■ What you need to do
Reproduce the whole listing exactly, omitting any picture it holds.

■ Recorded data

◇ ◇ ◇ ◇ ◇

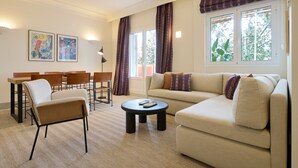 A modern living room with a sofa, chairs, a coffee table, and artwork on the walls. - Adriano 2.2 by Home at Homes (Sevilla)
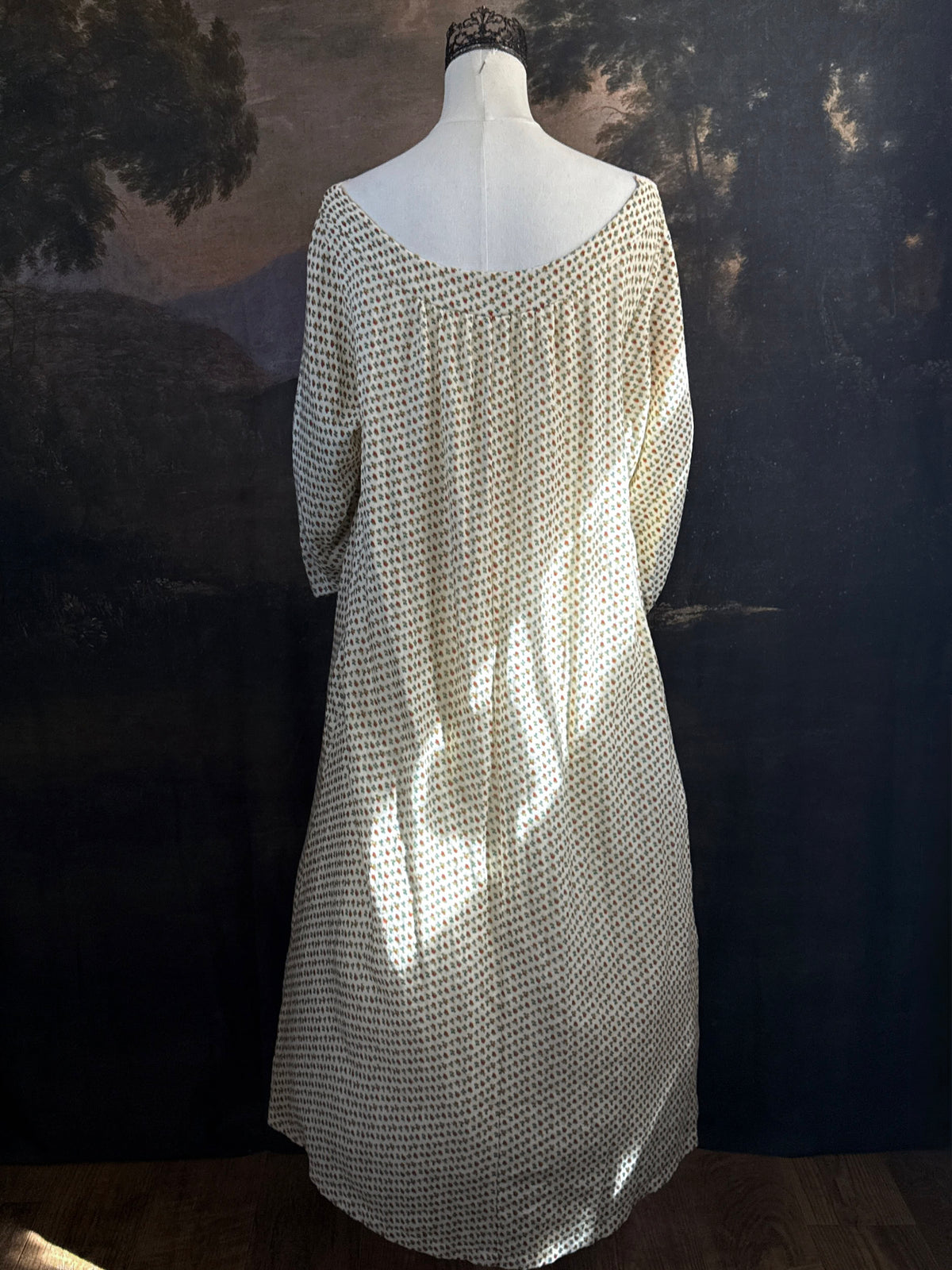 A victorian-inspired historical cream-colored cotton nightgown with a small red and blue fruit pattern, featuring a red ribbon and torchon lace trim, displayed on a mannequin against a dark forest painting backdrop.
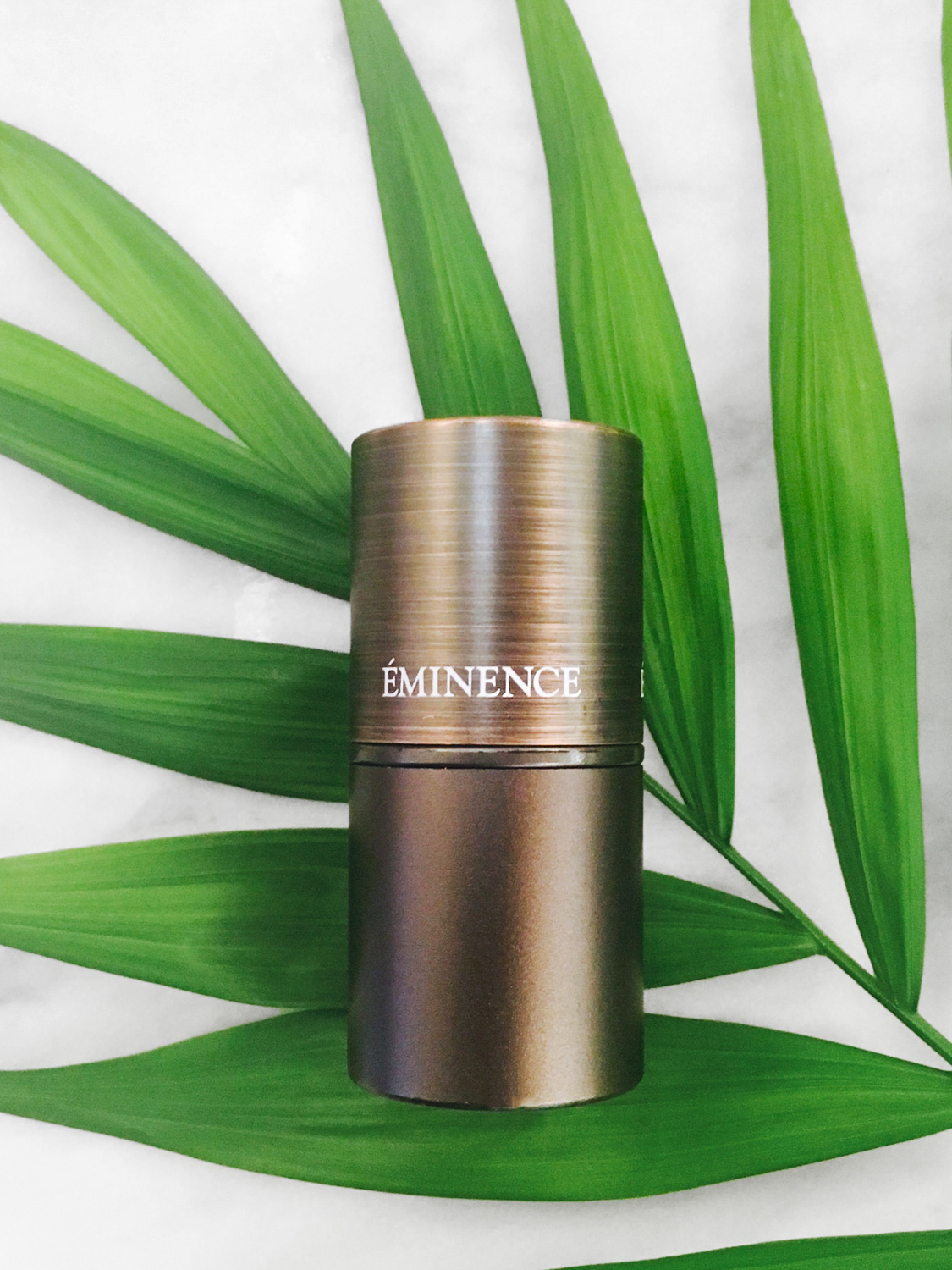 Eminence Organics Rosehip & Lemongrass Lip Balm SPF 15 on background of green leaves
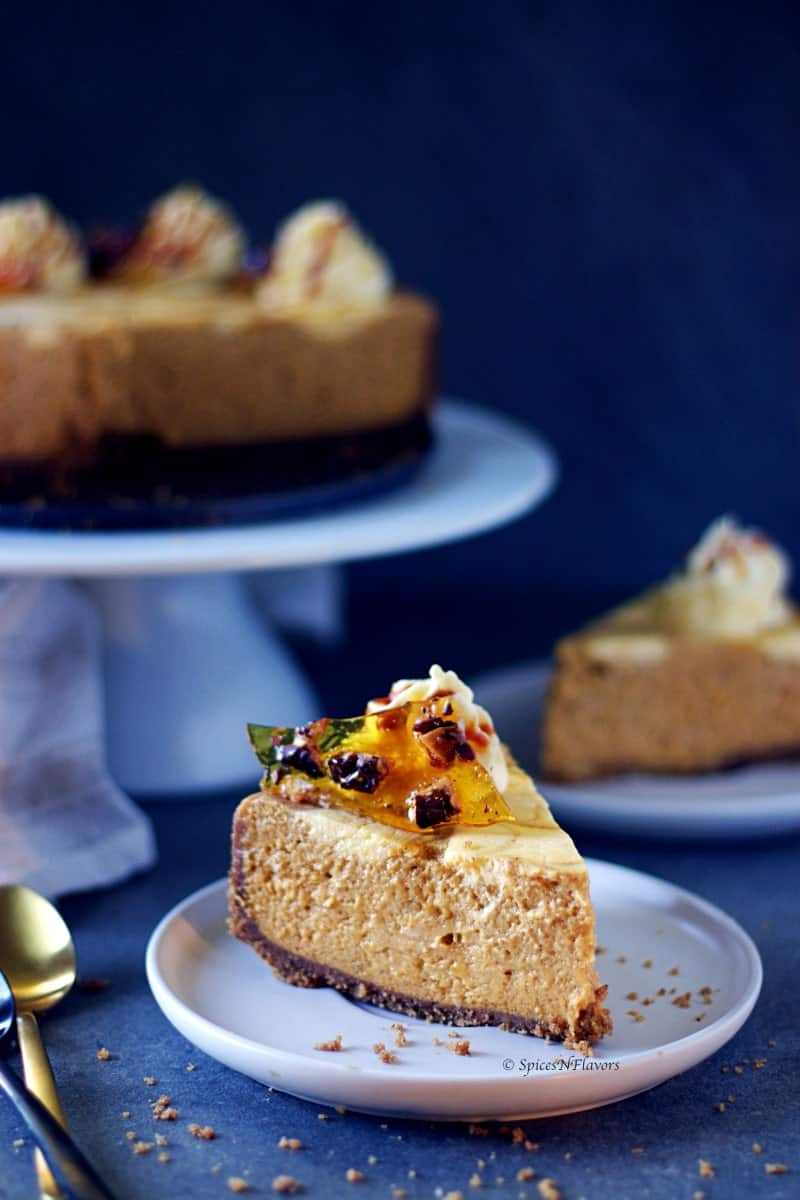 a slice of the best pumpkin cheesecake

◇ ◇ ◇ ◇ ◇

■ Reply to the exercise
 A modern living room with a sofa, chairs, a coffee table, and artwork on the walls. - Adriano 2.2 by Home at Homes (Sevilla)
 A victorian-inspired historical cream-colored cotton nightgown with a small red and blue fruit pattern, featuring a red ribbon and torchon lace trim, displayed on a mannequin against a dark forest painting backdrop.
 Eminence Organics Rosehip & Lemongrass Lip Balm SPF 15 on background of green leaves
 a slice of the best pumpkin cheesecake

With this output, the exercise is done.